Can someone be a pastor if they have been divorced?
Answer
If you are using the word “pastor” in its modern use, as a preacher, then the Bible is silent on the matter. If you are using the word in the biblical sense, about an elder in the church, there is some debate about the answer to your question.
Among the qualities or qualifications of an elder is this statement. “A bishop must be blameless, the husband of one wife.” (1 Timothy 3:2) The question, then, is whether a man who has divorced and married someone else is the husband of one wife. Some people take the strictest view, that an elder cannot have been married twice, even if the first wife died. Others take the loosest view, that an elder can have married any number of times as long as he was freed from the previous marriage by death or proper divorce.

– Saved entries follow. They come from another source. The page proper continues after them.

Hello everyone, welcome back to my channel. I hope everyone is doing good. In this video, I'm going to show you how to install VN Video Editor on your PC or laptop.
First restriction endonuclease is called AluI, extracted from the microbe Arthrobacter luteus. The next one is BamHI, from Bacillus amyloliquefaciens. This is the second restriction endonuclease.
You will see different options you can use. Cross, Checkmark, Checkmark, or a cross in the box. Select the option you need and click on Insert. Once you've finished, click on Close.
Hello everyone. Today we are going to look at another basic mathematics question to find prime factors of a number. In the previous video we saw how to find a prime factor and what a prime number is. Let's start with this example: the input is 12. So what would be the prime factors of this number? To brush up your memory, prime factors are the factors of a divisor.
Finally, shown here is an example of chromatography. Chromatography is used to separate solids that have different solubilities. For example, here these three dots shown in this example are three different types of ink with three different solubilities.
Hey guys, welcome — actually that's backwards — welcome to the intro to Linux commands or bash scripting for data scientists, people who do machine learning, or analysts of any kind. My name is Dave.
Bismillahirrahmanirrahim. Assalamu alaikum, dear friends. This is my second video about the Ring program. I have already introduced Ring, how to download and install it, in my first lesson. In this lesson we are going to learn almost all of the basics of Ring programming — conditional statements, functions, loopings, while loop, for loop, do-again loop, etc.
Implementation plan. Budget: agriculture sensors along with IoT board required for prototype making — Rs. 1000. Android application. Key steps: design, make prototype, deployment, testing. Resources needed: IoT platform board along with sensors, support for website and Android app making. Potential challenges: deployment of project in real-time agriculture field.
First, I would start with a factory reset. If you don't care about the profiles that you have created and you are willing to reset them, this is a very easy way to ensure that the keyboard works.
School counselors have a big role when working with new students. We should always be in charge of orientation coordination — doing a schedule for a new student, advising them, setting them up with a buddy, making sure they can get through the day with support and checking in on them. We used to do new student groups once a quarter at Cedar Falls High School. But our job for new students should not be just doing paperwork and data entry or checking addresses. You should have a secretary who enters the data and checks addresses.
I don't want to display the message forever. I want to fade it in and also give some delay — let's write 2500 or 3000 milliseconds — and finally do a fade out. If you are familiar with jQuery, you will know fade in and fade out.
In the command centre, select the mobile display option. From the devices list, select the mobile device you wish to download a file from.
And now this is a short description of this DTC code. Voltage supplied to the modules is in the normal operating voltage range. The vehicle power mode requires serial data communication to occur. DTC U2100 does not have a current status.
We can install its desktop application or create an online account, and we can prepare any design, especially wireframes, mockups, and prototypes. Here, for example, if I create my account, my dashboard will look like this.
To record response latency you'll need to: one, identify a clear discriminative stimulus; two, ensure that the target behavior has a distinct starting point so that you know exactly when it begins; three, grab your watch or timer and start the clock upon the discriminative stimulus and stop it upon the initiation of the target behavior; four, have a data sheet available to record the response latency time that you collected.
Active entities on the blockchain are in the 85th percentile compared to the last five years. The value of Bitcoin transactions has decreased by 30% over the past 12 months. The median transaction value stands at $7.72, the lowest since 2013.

I think Paul was most clearly saying that any man could not be an elder who had, prior to becoming a Christian, married two or more women at the same time. I think that other scriptures shed some light on the question. “The woman which hath an husband is bound by the law to her husband so long as he liveth; but if the husband be dead, she is loosed from the law of her husband. So then, if while her husband liveth, she be married to another man, she shall be called an adulteress: but if her husband be dead, she is free from that law; so that she is no adulteress, though she be married to another man.” (Romans 7:2-4) If death frees a person from their marriage, when they marry another they are still married only to one person. The same would apply in the case of a divorce. However, for the good of a congregation it might be best not to choose a man as an elder who has been divorced if there is any question about whether the divorce is “proper” or “scriptural.” Because the passage in 1 Timothy 3 is vague, it would be up to the congregation to decide whether their best interests are served by a man if they, or others, have doubts about whether he is married to one or more than one person.
If a man is divorced and has not married another person, then he would not be eligible to be an elder because he is not married. Either that, or, in some people’s view, he would be eligible because he may still be considered as married to the first wife if the divorce was not what they would call “scriptural.”
Sorry about the vague answer, but the question doesn’t give a lot of detail and the qualifications of an elder are also vague on this matter. I think each congregation must decide, when there is not absolutely clear answer.